* [What to work on]
Exactly the lines from the one with "Czasami nieprzespana noc" through the final line of the entries, and nothing else, should appear in the answer; no pictures go in it.

* [Information]
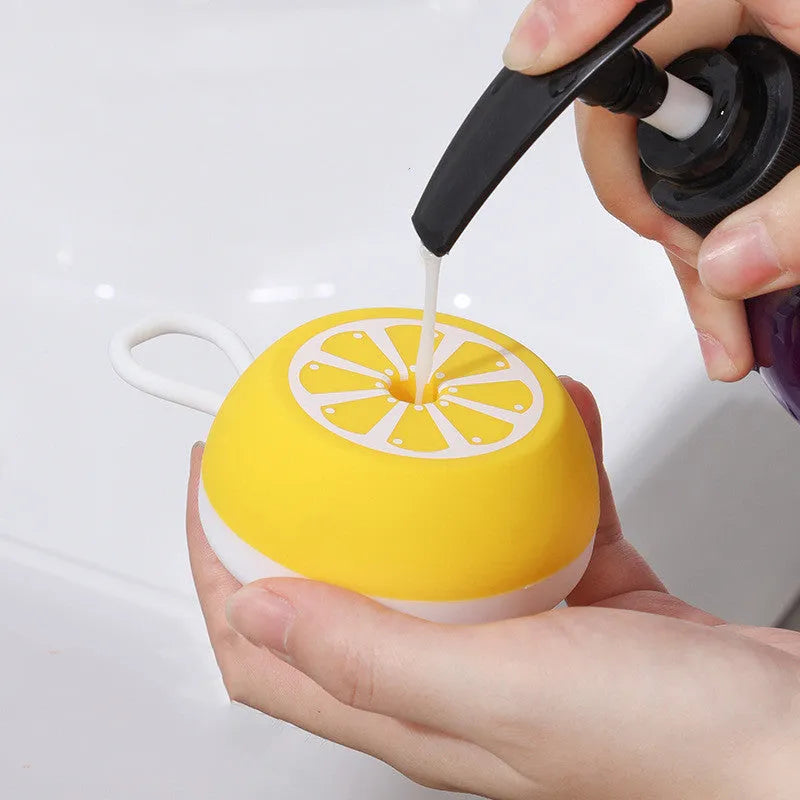Yellow silicone pet bath brush with massage head and comb for dog and cat grooming.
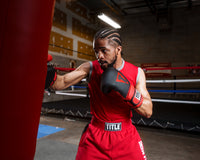 variant:lifestyle::TITLE Boxing Guts and Glory Bag Gloves man striking bag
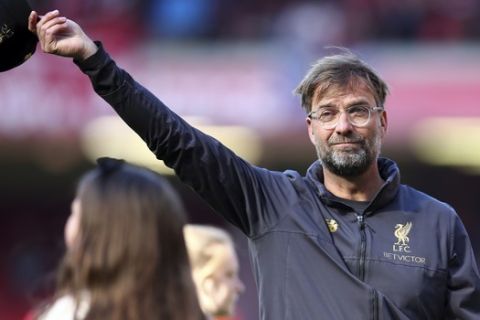 Liverpool manager Juergen Klopp greets supporters at the end of the English Premier League soccer match between Liverpool and Wolverhampton Wanderers at the Anfield stadium in Liverpool, England, Sunday, May 12, 2019. Despite a 2-0 win over Wolverhampton Wanderers, Liverpool missed out on becoming English champion for the first time since 1990 because title rival Manchester City beat Brighton 4-1. (AP Photo/Dave Thompson)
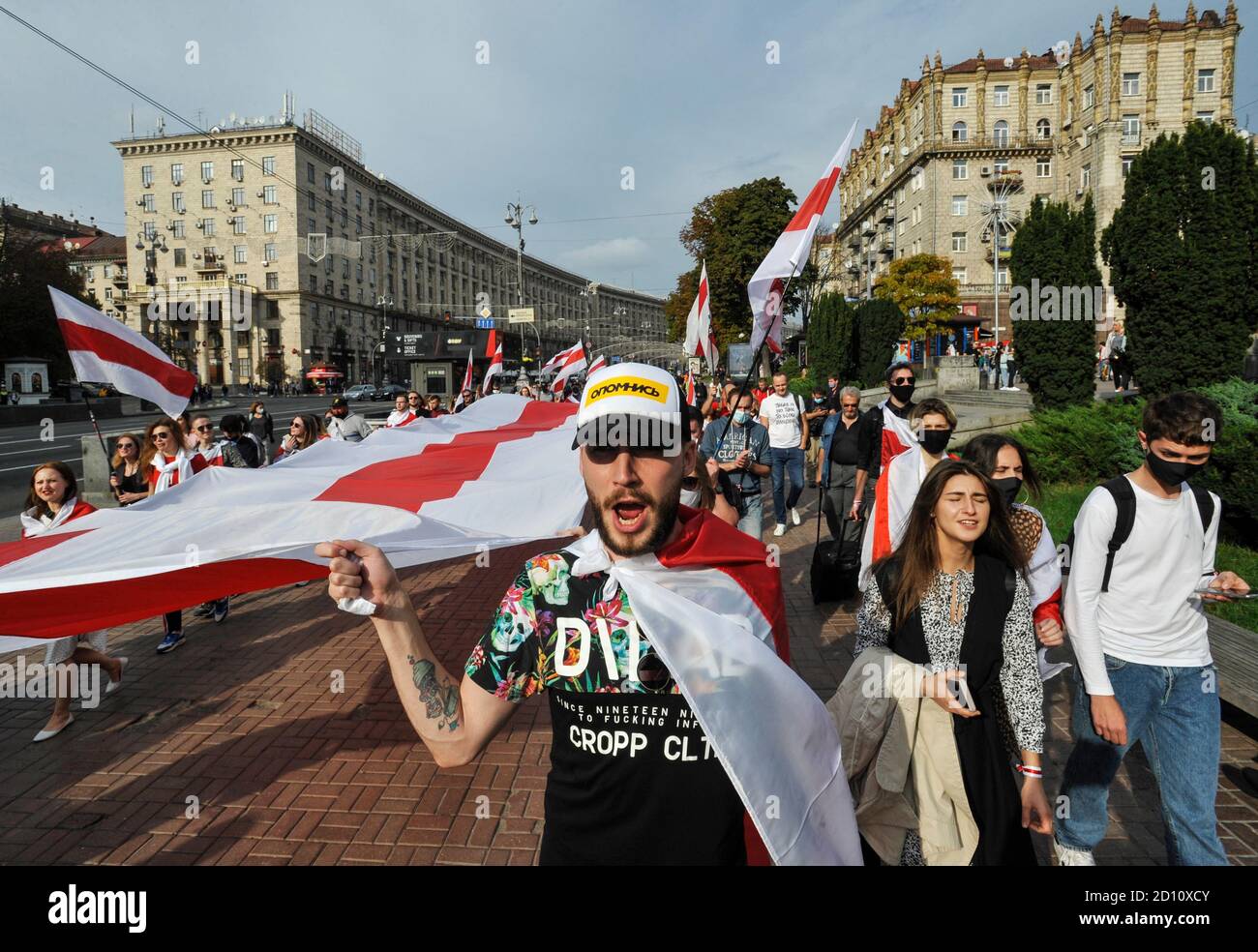 A protester holding on a giant white-red-white flag of Belarus ...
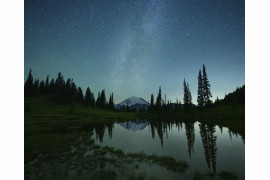 <b>W. Kent Williamson / "Pictures of the Year" National Geographic</b></br></br>
Czasami nieprzespana noc jest kluczem do wspaniałej fotografii. Około 3:40 rano w chłodny letni poranek fotograf W. Kent Williamson zrobił to zdjęcie z jeziora Tipsoo w Parku Narodowym Mount Rainier w stanie Waszyngton. Zza nieruchomej wody mógł dostrzec linię reflektorów, gdy zmęczeni wspinacze zbliżali się do szczytu o wysokości 14,411 stóp - kulminacji wielodniowej wspinaczki. "Nocne niebo było niezwykle czyste, a Droga Mleczna była widoczna tuż nad górą" - mówi Williamson. "Byłem zaskoczony widząc, jak jasne były latarki wspinaczy".

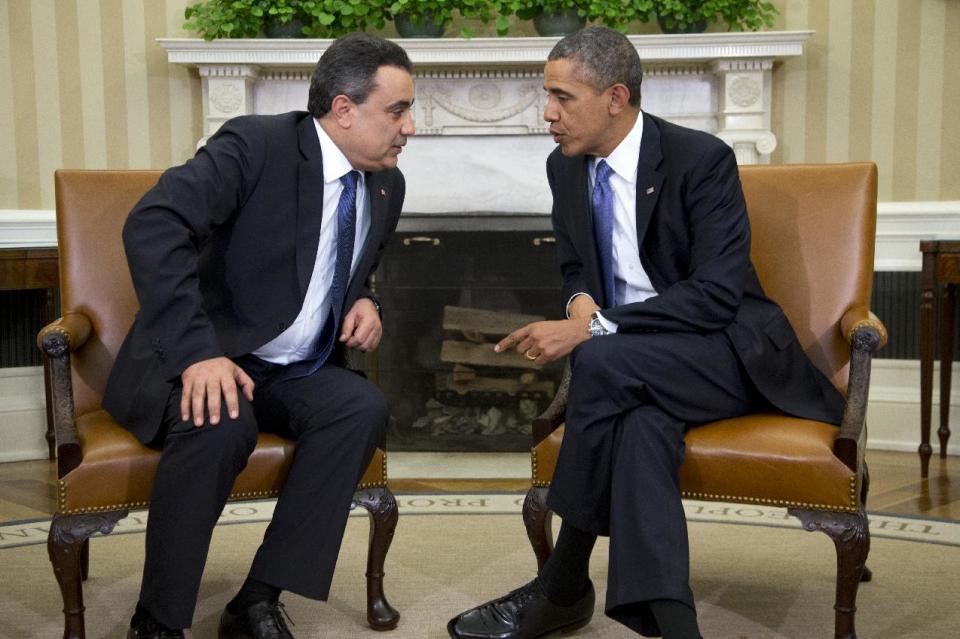 President Barack Obama meets with Tunisian Prime Minister Mehdi Jomaa, Friday, April 4, 2014, in the Oval Office of the White House in Washington. (AP Photo/Carolyn Kaster)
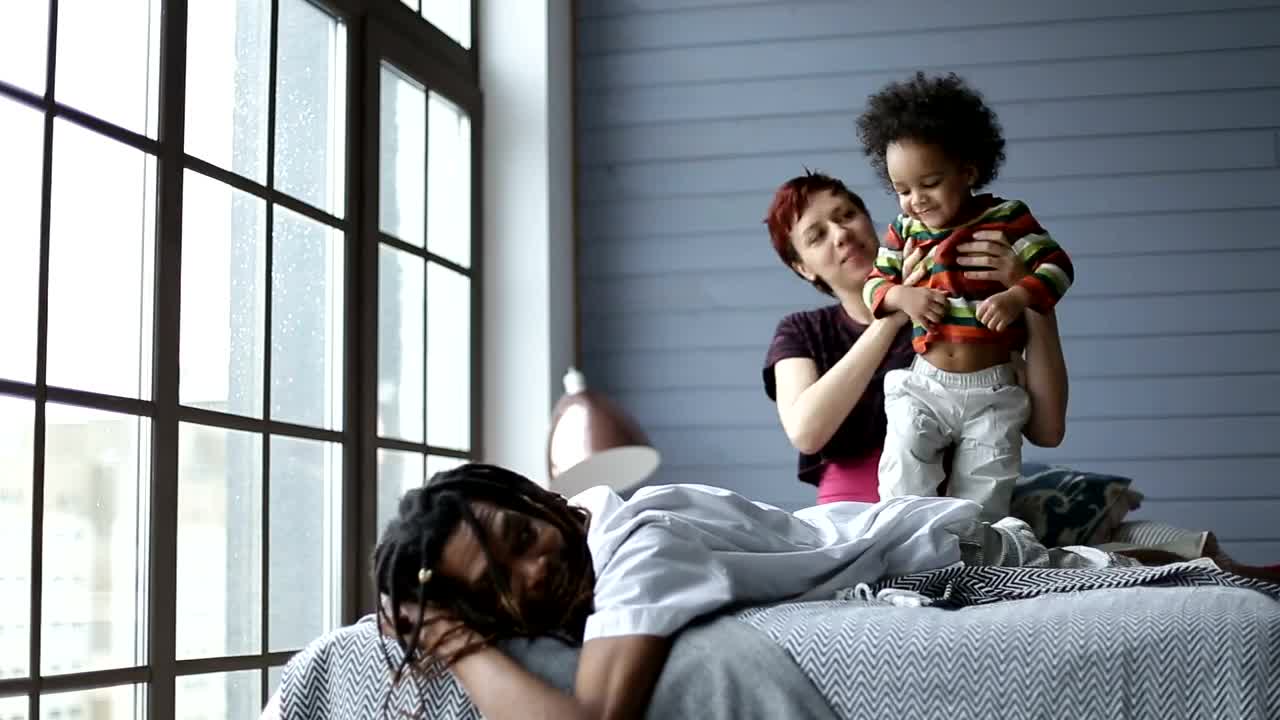 Free Stock Video Young Parents Having Fun With Their Little Son Live Wallpaper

* [Solved problem]
Czasami nieprzespana noc jest kluczem do wspaniałej fotografii. Około 3:40 rano w chłodny letni poranek fotograf W. Kent Williamson zrobił to zdjęcie z jeziora Tipsoo w Parku Narodowym Mount Rainier w stanie Waszyngton. Zza nieruchomej wody mógł dostrzec linię reflektorów, gdy zmęczeni wspinacze zbliżali się do szczytu o wysokości 14,411 stóp - kulminacji wielodniowej wspinaczki. "Nocne niebo było niezwykle czyste, a Droga Mleczna była widoczna tuż nad górą" - mówi Williamson. "Byłem zaskoczony widząc, jak jasne były latarki wspinaczy".

 President Barack Obama meets with Tunisian Prime Minister Mehdi Jomaa, Friday, April 4, 2014, in the Oval Office of the White House in Washington. (AP Photo/Carolyn Kaster)
 Free Stock Video Young Parents Having Fun With Their Little Son Live Wallpaper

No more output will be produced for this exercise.